X-Fusion: Introducing New Modality to Frozen Large Language Models
Sicheng Mo, Thao Nguyen, Xun Huang, Siddharth Srinivasan Iyer, Yijun Li, Yuchen Liu, Abhishek Tandon, Eli Shechtman, Krishna Kumar Singh, Yong Jae Lee, Bolei Zhou, Yuheng Li
2025-04-30
Summary
This paper talks about X-Fusion, a new method that lets large language models, which usually only understand text, also work with images without changing how the language part of the AI works.
What's the problem?
Most big language models are really good at understanding and generating text, but they can't handle images or other types of information without being retrained, which can mess up their original abilities.
What's the solution?
The researchers designed a system that adds a new part specifically for images, called a dual-tower design, which works alongside the language model.

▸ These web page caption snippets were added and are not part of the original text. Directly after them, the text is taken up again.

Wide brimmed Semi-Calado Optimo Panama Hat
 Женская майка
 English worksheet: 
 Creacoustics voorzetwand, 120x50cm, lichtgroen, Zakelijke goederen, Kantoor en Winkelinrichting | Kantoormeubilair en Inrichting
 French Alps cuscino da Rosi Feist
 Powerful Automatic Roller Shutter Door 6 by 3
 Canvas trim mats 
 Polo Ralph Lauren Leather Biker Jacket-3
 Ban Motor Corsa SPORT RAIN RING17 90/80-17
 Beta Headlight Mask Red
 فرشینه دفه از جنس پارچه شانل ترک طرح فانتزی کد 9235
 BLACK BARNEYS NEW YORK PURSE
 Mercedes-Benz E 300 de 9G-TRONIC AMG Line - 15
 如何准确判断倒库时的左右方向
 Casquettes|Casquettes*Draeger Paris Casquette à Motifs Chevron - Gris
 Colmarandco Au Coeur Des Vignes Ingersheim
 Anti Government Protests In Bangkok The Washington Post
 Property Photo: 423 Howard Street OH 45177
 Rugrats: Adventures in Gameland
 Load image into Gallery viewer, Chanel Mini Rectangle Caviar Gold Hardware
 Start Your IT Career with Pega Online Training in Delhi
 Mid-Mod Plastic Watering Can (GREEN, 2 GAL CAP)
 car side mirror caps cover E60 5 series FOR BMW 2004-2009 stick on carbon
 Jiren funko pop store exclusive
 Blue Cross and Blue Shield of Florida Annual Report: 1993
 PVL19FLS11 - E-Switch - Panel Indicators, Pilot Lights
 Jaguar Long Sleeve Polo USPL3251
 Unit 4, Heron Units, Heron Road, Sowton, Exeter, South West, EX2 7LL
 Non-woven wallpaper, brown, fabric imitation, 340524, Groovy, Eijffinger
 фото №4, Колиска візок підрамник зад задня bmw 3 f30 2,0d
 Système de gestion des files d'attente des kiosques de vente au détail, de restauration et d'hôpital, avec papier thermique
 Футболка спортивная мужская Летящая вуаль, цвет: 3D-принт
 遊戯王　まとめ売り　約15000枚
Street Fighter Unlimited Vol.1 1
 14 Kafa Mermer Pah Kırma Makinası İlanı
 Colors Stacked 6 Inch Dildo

They keep the language model frozen, meaning its original skills stay the same, while the new part helps it understand and use visual information.
Why it matters?
This matters because it allows powerful text-based AI to handle more types of tasks, like answering questions about pictures, without losing what it already knows about language. This could make AI much more versatile and useful in everyday life.
Abstract
X-Fusion enhances pretrained LLMs for multimodal tasks by integrating vision-specific information through a dual-tower design and freezes the LLM's parameters for consistency in understanding and generation.